Schrodinger equation of particle in box

[R-ckay]

hi all please help me... I'm learning schrodinger equation of a particle in a 1-dimensional box. I read a quantum mechanics book written by A. C Phillips. the wavefuction is

ψ (x,t)= N sin (kx) e^-iEt/hbar

but when I compared to what I read from a modern physics book written by Beisser. the wavefunction is:

d²ψ/dx² + 2m/hbar E ψ
=0

and the solution is:

ψ=A sin ((√2mE)/hbar)x + B cos ((√2mE)/hbar)

and we only use:

ψ =N sin (kx) only,

it is different. and I got trouble when I tried to find momentum probability. because it is different. which one is true?

my question is:
1.where "e^-iEt/hbar" comes from?
2. how to get the solution "
ψ=A sin ((√2mE)/hbar)x + B cos ((√2mE)/hbar)" from
d²ψ/dx² + 2m/hbar E ψ
= 0

thank you very much for help.. :)

 

[Chopin]

#1: The sin(kx) is a solution to the time-independent Schrodinger Equation. This means that it only tells you the spatial behavior at the wave at one point in time.
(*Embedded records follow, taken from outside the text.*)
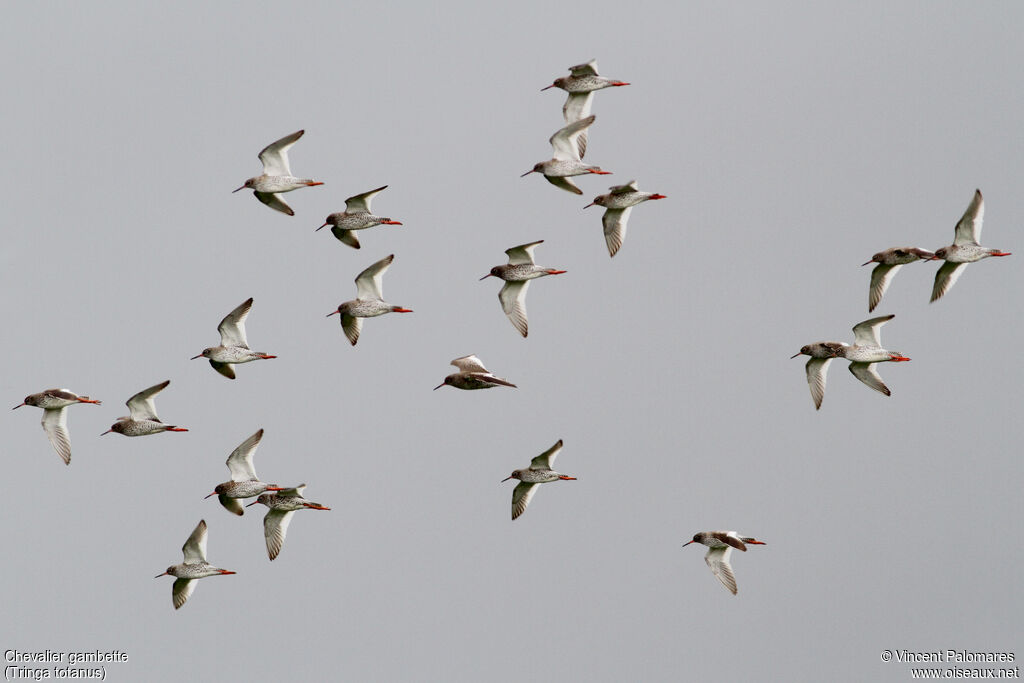 Common Redshank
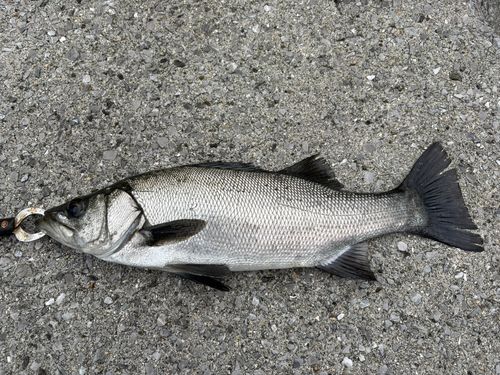 ヒラスズキの釣果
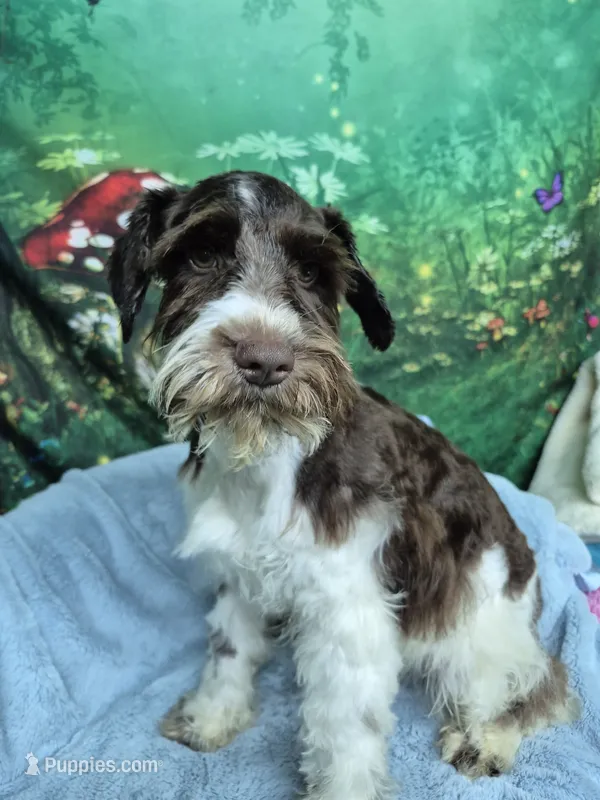 Liver parti boy – Miniature Schnauzer puppy for sale in Mount Carmel, TN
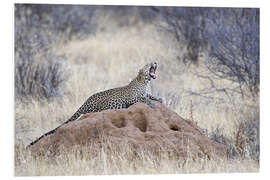 Foam board print Leopard yawning on a termite mound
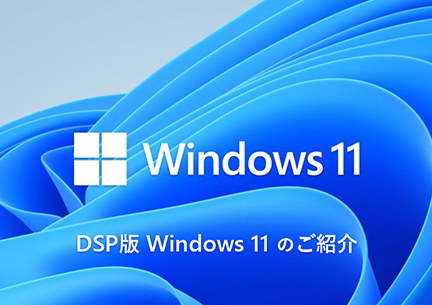 DSP Windows 11 ̂Љ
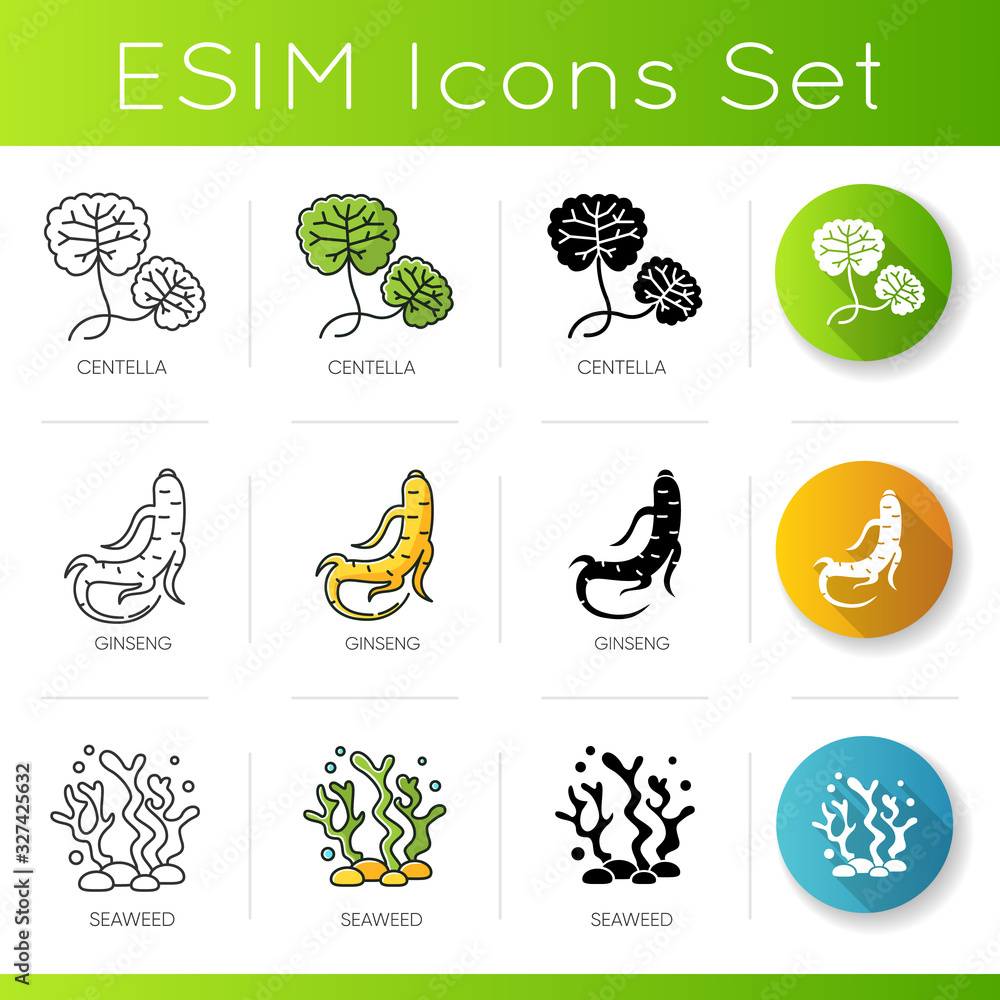 Cosmetic ingredient icons set. Centella leaves. Ginseng root. Seaweed component in skincare products. Dermatology, cosmetology. Linear, black and RGB color styles. Isolated vector illustrations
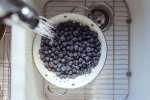 washing blueberries | Classpop Shot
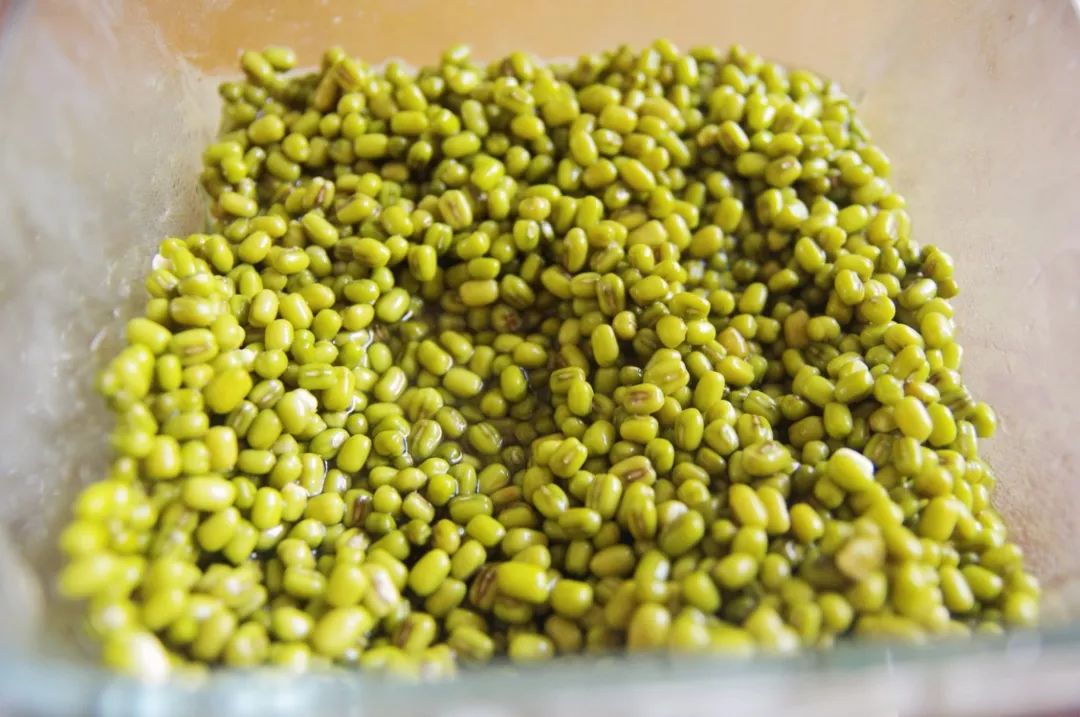 如何在家做入口即化的绿豆糕,入口即化的绿豆糕在家也能做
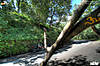 binsar_day1_22.jpg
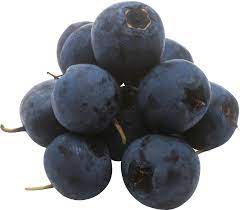 Blueberrys Png Image Blueberry Moodboard Pngs Png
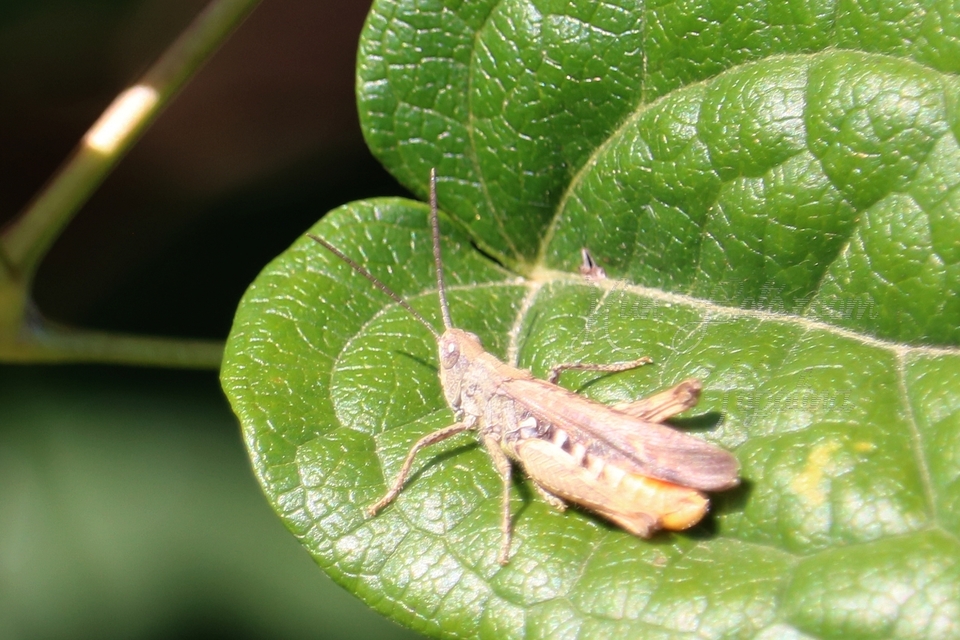Chorthippus (Glyptobothrus) (subgenus)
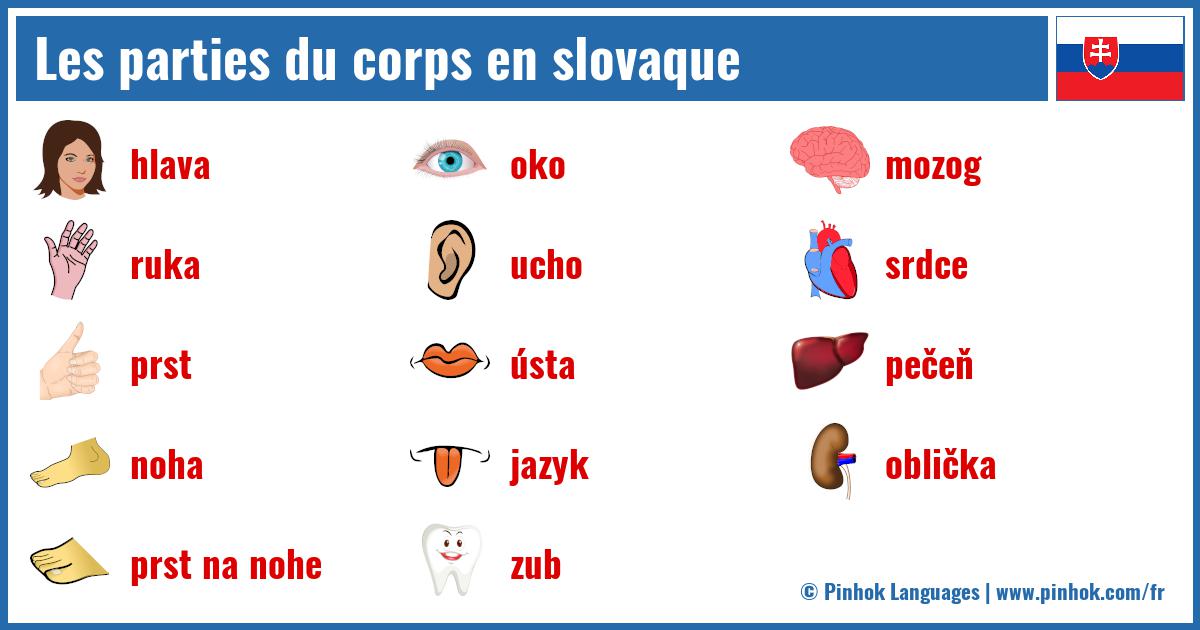Les parties du corps en slovaque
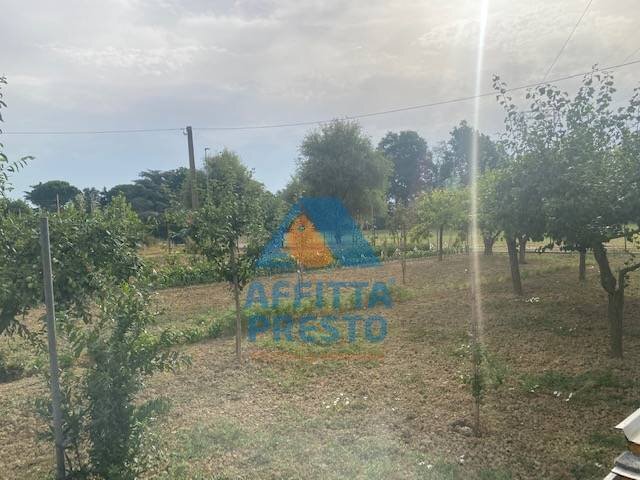 Foto 1 - Terreno agricolo Empoli - foto 1
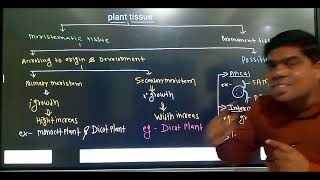 Anatomy of flowering plants plant tissue [upl. by Elmina]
To find the time-dependence of the equation, you use the time-dependent version of the Schrodinger Equation, which says:
i\hbar\frac{d}{dt}\Psi(t) = \hat{H}\Psi(t)
If \Psi(x) is an eigenstate of \hat{H}, then \hat{H}\Psi(x)=E\Psi(x), so
i\hbar\frac{d}{dt}\Psi(t,x) = \hat{H}\Psi(t,x) = E\Psi(t,x)
The solution to this differential equation (which you can check by substitution) is
\Psi(t,x) = e^{-iEt/\hbar}\Psi(0,x)

#2: It's a differential equation, so the answer to how to find the solutions is basically "any way you can". In this case, you can make a guess about the form that solutions must take (sinusoidal), and then substitute them into the original equation to figure out whether your guess is right.

The second equation is correct that both sin and cos terms appear in the general solution to the free Schrodinger Equation. However, the first equation is correct that solutions to the equation in an infinite potential well only contain some of those terms. The reason that only sin terms appear in the solution to the particle in a box is that you also have to remember the boundary conditions. Since the box is infinite at x=0 and x=L, the wavefunction must be zero outside of that range, i.e. \Psi(0) = 0 and \Psi(L) = 0. This means that none of the cos terms will work (they're all nonzero at x=0), and of the sin terms, the only ones which work are the ones which are also zero at x=L. This means you're limited to \Psi(x)=sin(2\pi n x/L), where n is an integer.

In this way, the continuous space of general solutions gets reduced to a discrete (or "quantized") set of particular solutions which obey the boundary conditions. This happens any time you have a potential well like this, and is the reason that there are discrete energy levels in systems such as atoms. It's also where "quantum mechanics" gets its name.